You’ve seen them before. Veiled, covered, yet full of effervescence and colour. You catch a glimpse of these women in the street in their two-piece ensemble called rida that is covered in bright hues and quilt-like patches; or spot their intricately laced skirts with elegant embroidery and appliques when you’re strolling through the market. You hear them chatter and laugh away, often mistaking them to be Parsis.
These are the Dawoodi Bohra Muslims, the iconic Gujarati-speaking business community whose men are often spotted in white and gold-embroidered topis (skullcaps) and flowing white Kurtas. Let’s take a peek into this heterogeneous culture that seamlessly blends Middle Eastern elements with Indian traditions.

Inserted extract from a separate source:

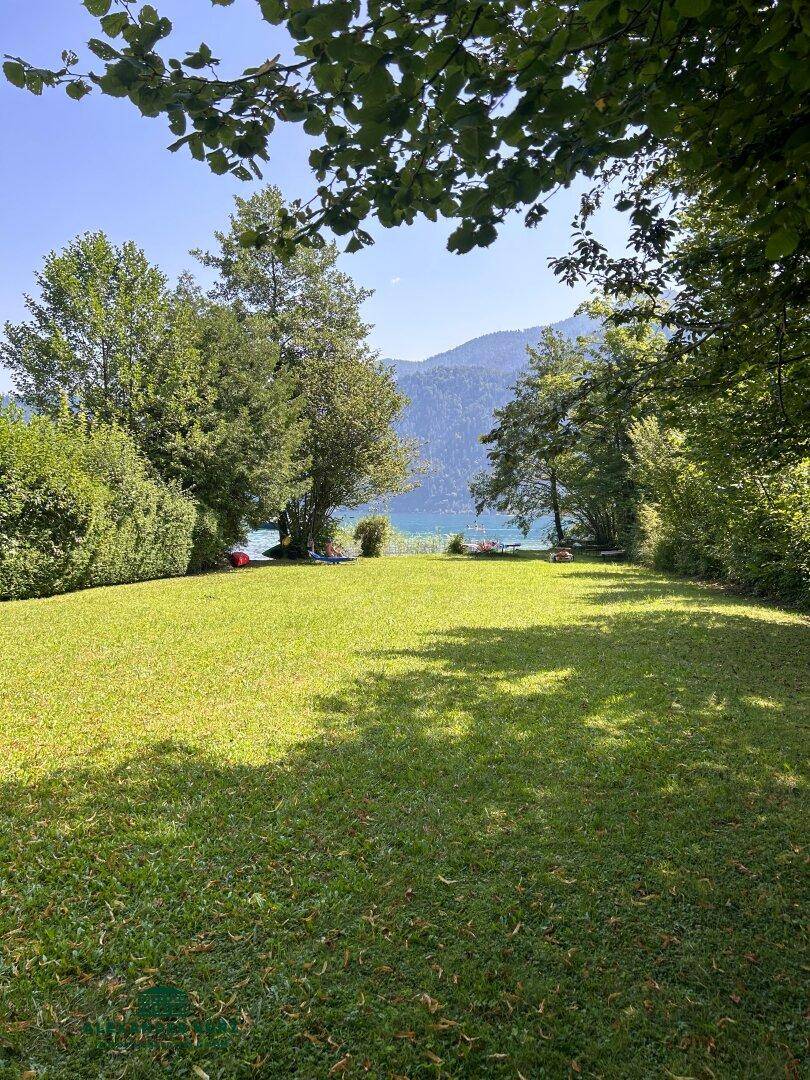 Großer, gepflegter Garten mit altem Baumbestand und idyllischem Blick auf den See.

So what is this Gujarati that the Bohris speak?
The Dawoodi Bohras (aka bohris) speak a dialect of Gujarati peppered with Arabic and Urdu, officially known as Lisan ul-Dawat. This is popularly called the “Bohri Gujarati” and internally referred to as Dawat-ni-zabaan within this peace-loving community.

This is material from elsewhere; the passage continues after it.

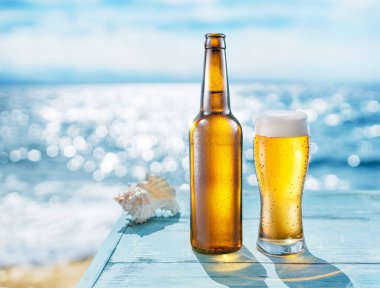 Bira şişesi ve bira bardağının ahşap masanın üzerinde buğulanmış hali. Arka planda bulanık bir deniz var. Yaz titreşimleri.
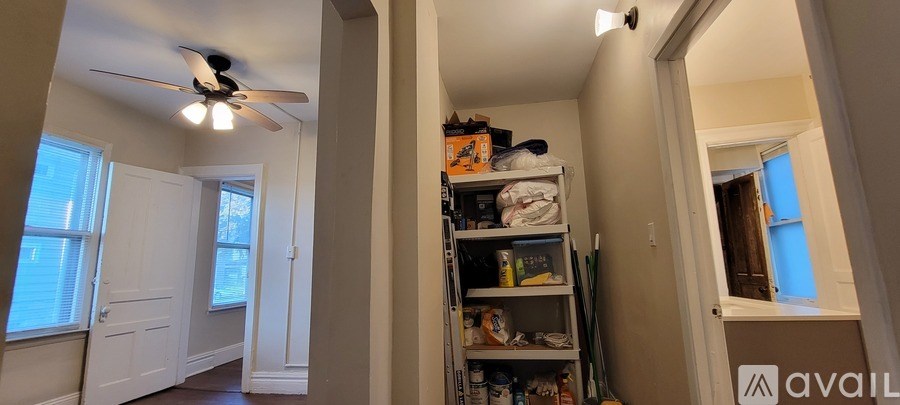 A room with a ceiling fan and a shelf with items on it.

Interestingly, it is written with a Perso-Arabic script and borrows significantly from Arabic and Persian vocabulary.
The origin of the word ‘bohra’ (which means trader) comes from Gujarati, which also reflects the primary profession of most bohris by choice.
Tracing back history
While there are an estimated 2 million bohris spread across the world, mainly across the western cities of India and across Pakistan, UAE, Kuwait, Oman, Yemen, USA, Canada and East Africa, all speaking variations of the same language, their ancestral roots can be traced back to Yemen, a Middle Eastern country.
Other cultural trivia
The cultural crossover is not just limited to the language, clothes or lifestyle. Like other Indian communities, food forms an essential part of the bohri culture! The Mughal-influenced and Gujarati-centric recipes remain nearly consistent in every household, throughout the world. Their chicken and meat specialities are numerous, exquisite and varied.
Families conventionally sit around a large steel thaal that typically accommodates eight people and they eat from it together.
Around the globe
Young children around the world attend a certain ‘Arabic school’ or class, where they are taught how to speak Lisan ul-Dawat and read the Quran, which is in Arabic, along with learning other social etiquettes. Moreover, the chief spiritual leader delivers his lectures, lessons and advice in this very dialect, which makes all the Bohris across the world want to learn it.
Mumbai is considered to be the cultural capital of the bohris today, with the Dawat administrative headquarters and most of the high-ranking priests based here. On a cultural level, bohri households share a surprisingly significant number of traits with Egypt, Yemen, Gujarat, Maharashtra and Rajasthan.